(DATASET EXCERPTS Opens)

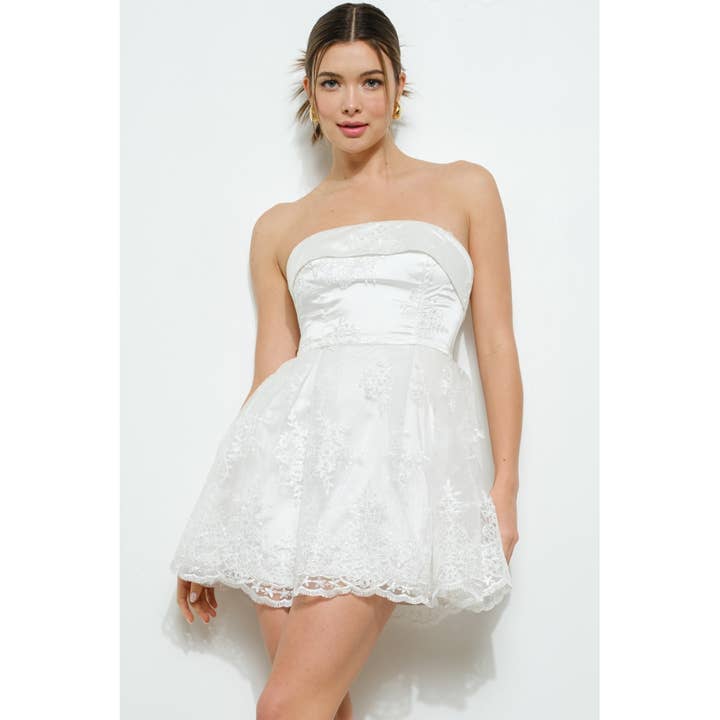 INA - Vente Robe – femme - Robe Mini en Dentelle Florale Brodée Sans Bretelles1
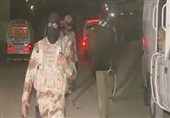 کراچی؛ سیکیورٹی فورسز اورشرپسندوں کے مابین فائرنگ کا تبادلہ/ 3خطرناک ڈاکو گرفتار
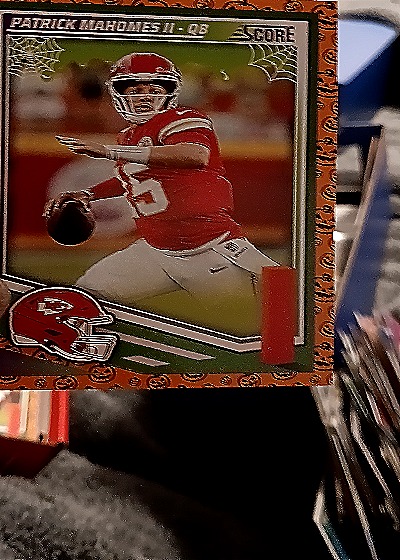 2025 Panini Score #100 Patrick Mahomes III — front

(DATASET EXCERPTS Closes)
(DATASET EXCERPTS Opens)

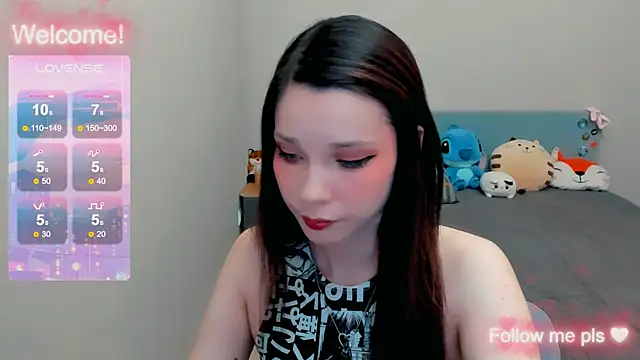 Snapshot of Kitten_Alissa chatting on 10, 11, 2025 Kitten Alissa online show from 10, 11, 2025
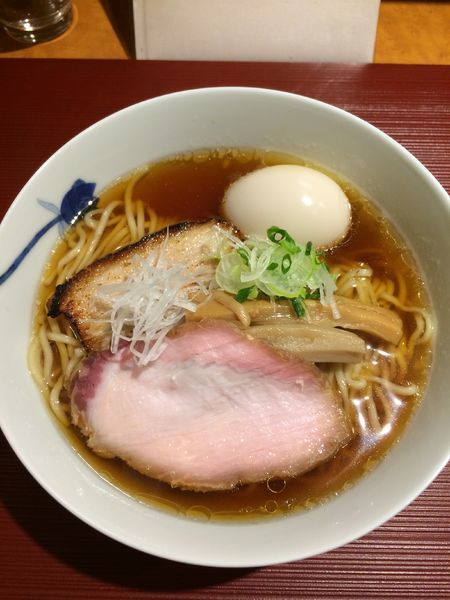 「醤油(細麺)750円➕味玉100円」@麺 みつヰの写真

(DATASET EXCERPTS Closes)

• [PROBLEM STATEMENT]
Word for word, repeat the lines above from the one with "INA - Vente" through the one with "2025 Panini Score", and nothing beyond them. Omit the pictures.

• [OUTPUT BELOW]
 INA - Vente Robe – femme - Robe Mini en Dentelle Florale Brodée Sans Bretelles1
 کراچی؛ سیکیورٹی فورسز اورشرپسندوں کے مابین فائرنگ کا تبادلہ/ 3خطرناک ڈاکو گرفتار
 2025 Panini Score #100 Patrick Mahomes III — front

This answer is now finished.